Clear documentation of discharge instructions can help the EP’s defense. Earley says, “If the patient were to not follow these documented instructions, this would be evidence of non-compliance and potentially contributory negligence.”

If the patient didn’t return to the ED as instructed, timing becomes important. Byrne explains, “If the patient testifies that their symptoms worsened, the defense pinpoints if there was a delay between the time they noticed the failure to improve and when they returned to the ED.”

Adrienne M. McFadden, MD, JD, FAAEM, FACEP, FCLM, a former EP at EMP in Charlotte, NC, says if the ED chart clearly documents follow-up instructions and the patient understood these instructions, “that is a very valuable tool for defense in malpractice cases.”

In McFadden’s experience, EPs document follow-up instructions well. What they often omit is that the patient understood these, such as “patient was able to repeat back the instructions.”

“That is not often utilized, but it can be a valuable sentence that bolsters the chart,” McFadden says.
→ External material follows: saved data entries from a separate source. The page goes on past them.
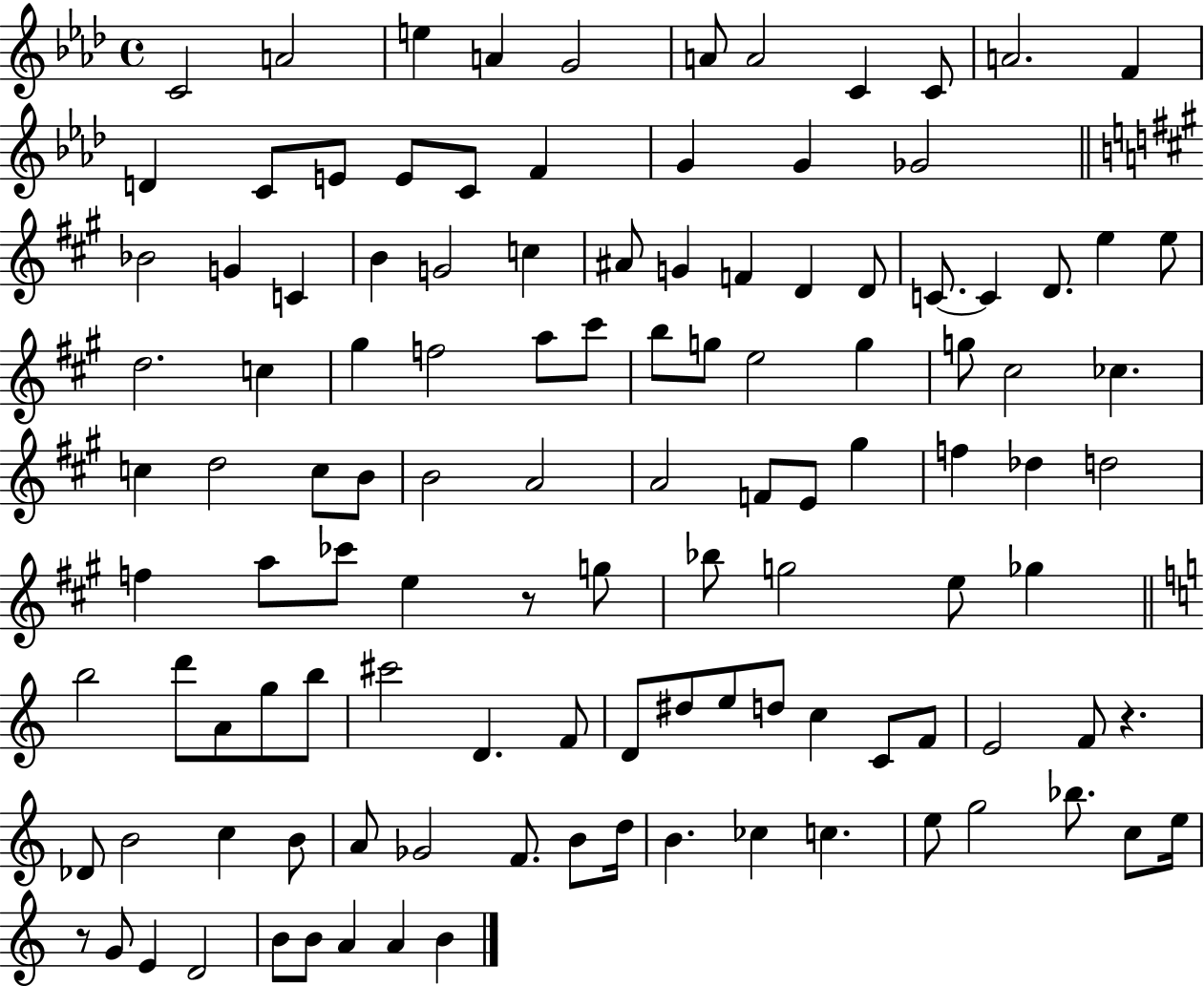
{
  \clef treble
  \time 4/4
  \defaultTimeSignature
  \key aes \major
  c'2 a'2 | e''4 a'4 g'2 | a'8 a'2 c'4 c'8 | a'2. f'4 | \break d'4 c'8 e'8 e'8 c'8 f'4 | g'4 g'4 ges'2 | \bar "||" \break \key a \major bes'2 g'4 c'4 | b'4 g'2 c''4 | ais'8 g'4 f'4 d'4 d'8 | c'8.~~ c'4 d'8. e''4 e''8 | \break d''2. c''4 | gis''4 f''2 a''8 cis'''8 | b''8 g''8 e''2 g''4 | g''8 cis''2 ces''4. | \break c''4 d''2 c''8 b'8 | b'2 a'2 | a'2 f'8 e'8 gis''4 | f''4 des''4 d''2 | \break f''4 a''8 ces'''8 e''4 r8 g''8 | bes''8 g''2 e''8 ges''4 | \bar "||" \break \key c \major b''2 d'''8 a'8 g''8 b''8 | cis'''2 d'4. f'8 | d'8 dis''8 e''8 d''8 c''4 c'8 f'8 | e'2 f'8 r4. | \break des'8 b'2 c''4 b'8 | a'8 ges'2 f'8. b'8 d''16 | b'4. ces''4 c''4. | e''8 g''2 bes''8. c''8 e''16 | \break r8 g'8 e'4 d'2 | b'8 b'8 a'4 a'4 b'4 | \bar "|."
}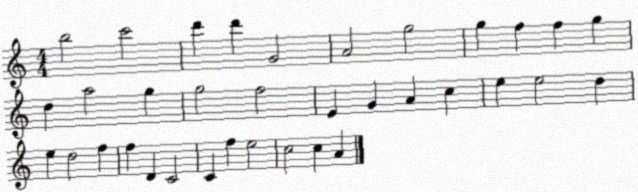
X:1
T:Untitled
M:4/4
L:1/4
K:C
b2 c'2 d' d' G2 A2 g2 g f f g d a2 g g2 f2 E G A c e e2 d e d2 f f D C2 C f e2 c2 c A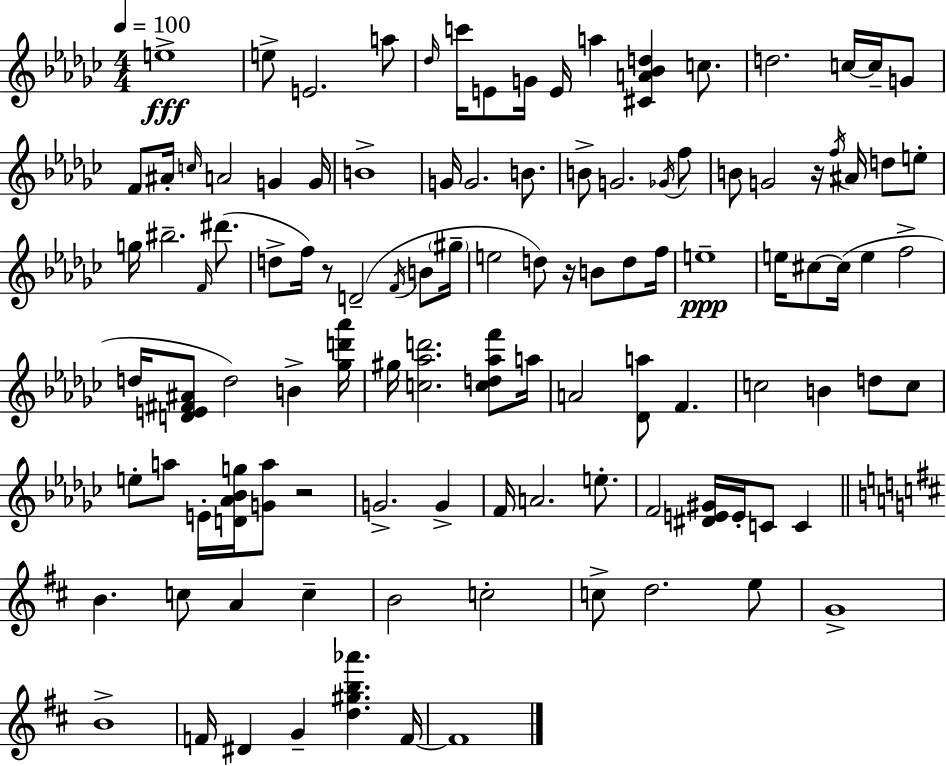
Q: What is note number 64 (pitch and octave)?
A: C5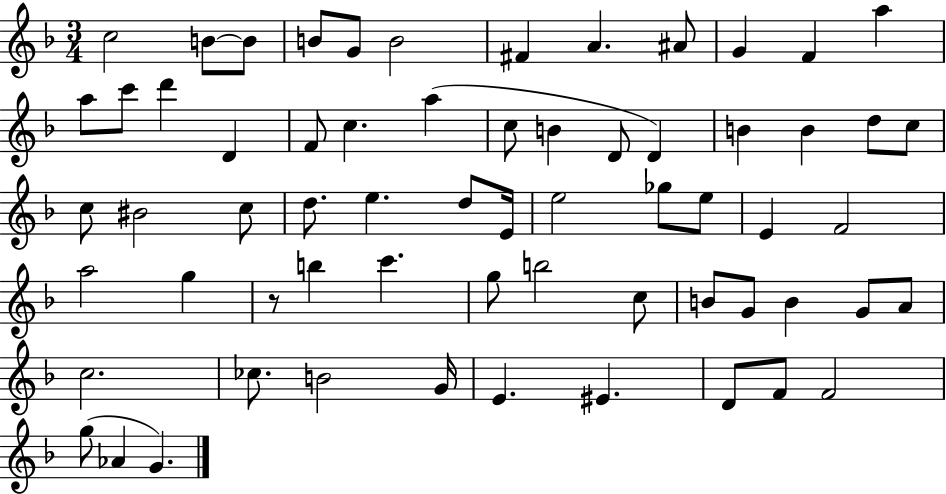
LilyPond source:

{
  \clef treble
  \numericTimeSignature
  \time 3/4
  \key f \major
  \repeat volta 2 { c''2 b'8~~ b'8 | b'8 g'8 b'2 | fis'4 a'4. ais'8 | g'4 f'4 a''4 | \break a''8 c'''8 d'''4 d'4 | f'8 c''4. a''4( | c''8 b'4 d'8 d'4) | b'4 b'4 d''8 c''8 | \break c''8 bis'2 c''8 | d''8. e''4. d''8 e'16 | e''2 ges''8 e''8 | e'4 f'2 | \break a''2 g''4 | r8 b''4 c'''4. | g''8 b''2 c''8 | b'8 g'8 b'4 g'8 a'8 | \break c''2. | ces''8. b'2 g'16 | e'4. eis'4. | d'8 f'8 f'2 | \break g''8( aes'4 g'4.) | } \bar "|."
}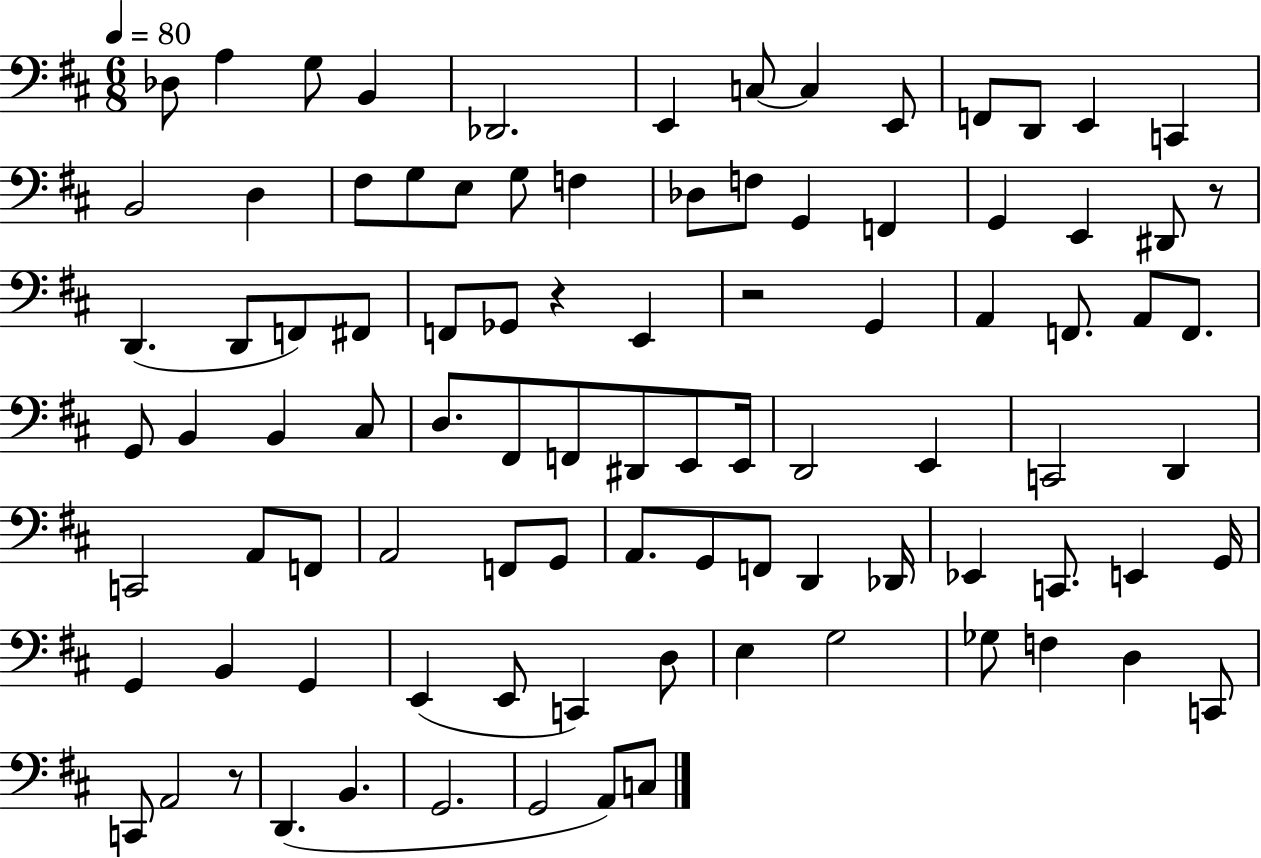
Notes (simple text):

Db3/e A3/q G3/e B2/q Db2/h. E2/q C3/e C3/q E2/e F2/e D2/e E2/q C2/q B2/h D3/q F#3/e G3/e E3/e G3/e F3/q Db3/e F3/e G2/q F2/q G2/q E2/q D#2/e R/e D2/q. D2/e F2/e F#2/e F2/e Gb2/e R/q E2/q R/h G2/q A2/q F2/e. A2/e F2/e. G2/e B2/q B2/q C#3/e D3/e. F#2/e F2/e D#2/e E2/e E2/s D2/h E2/q C2/h D2/q C2/h A2/e F2/e A2/h F2/e G2/e A2/e. G2/e F2/e D2/q Db2/s Eb2/q C2/e. E2/q G2/s G2/q B2/q G2/q E2/q E2/e C2/q D3/e E3/q G3/h Gb3/e F3/q D3/q C2/e C2/e A2/h R/e D2/q. B2/q. G2/h. G2/h A2/e C3/e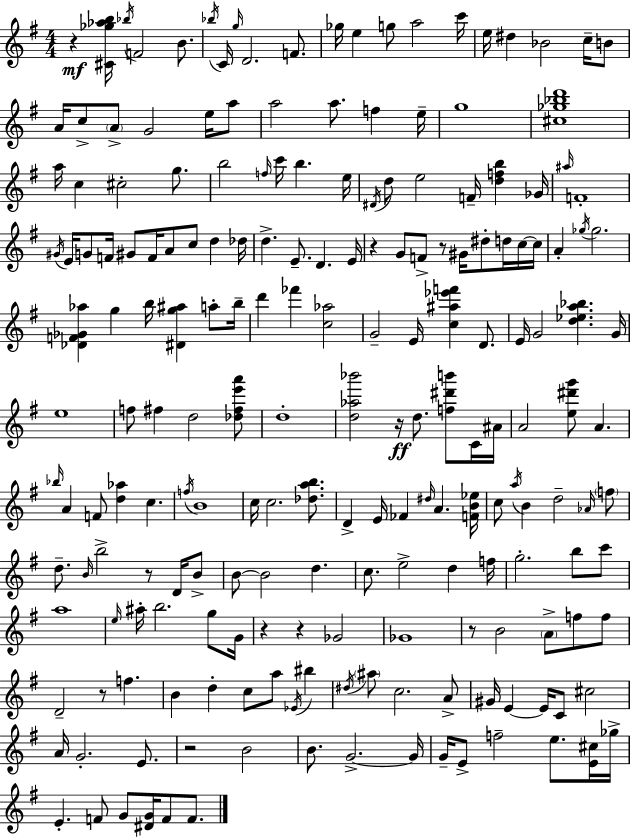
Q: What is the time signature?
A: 4/4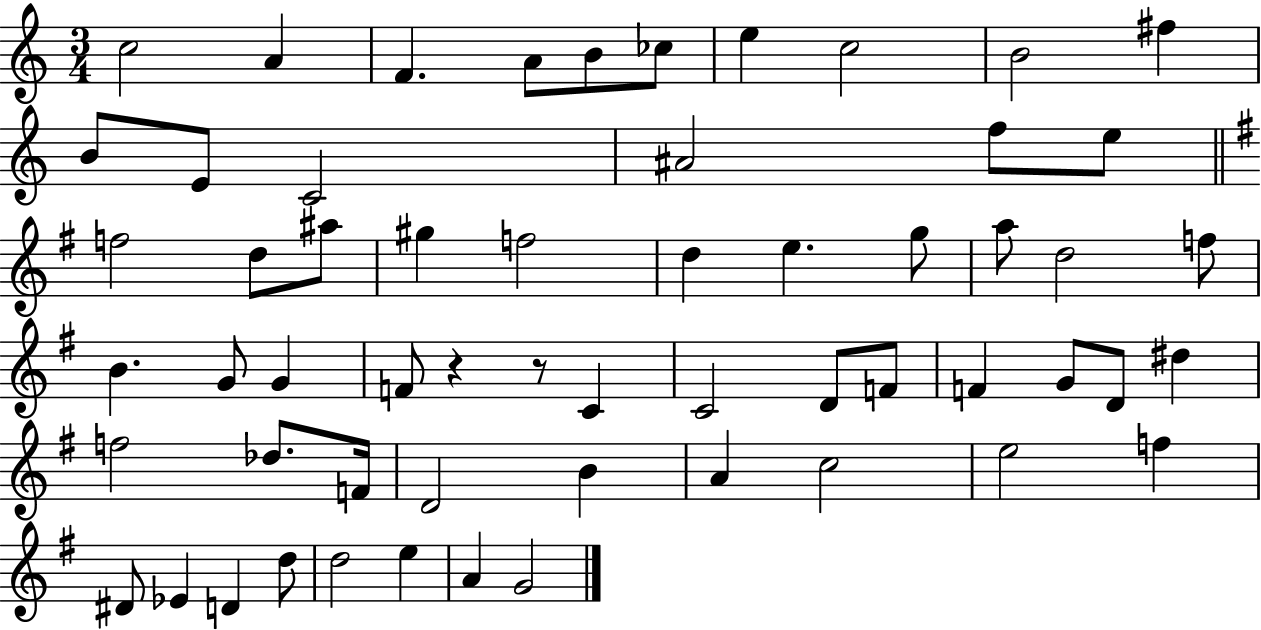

EPs can ask questions such as “Can you explain what you will do if your pain increases?” and then document the patient’s response.

  • The patient left the ED against medical advice (AMA).

Earley notes that the Supreme Court of Alabama found that an “assumption of risk” defense was appropriate when a patient left an ED after being told that “[he] could die” without proper treatment.1 “After discharge, a laboratory value for this patient indicated he was in diabetic ketoacidosis and, subsequently, the patient died,” Earley says.

The case shows why an AMA form should include specifics about the actual patient’s condition and what could happen without treatment, says Earley, “as opposed to generic possibilities.”

REFERENCE

  1. Lyons v. Walker Regional Medical Center, Inc., 868 So.2d 1071, 1087-1088 (Ala. 2003).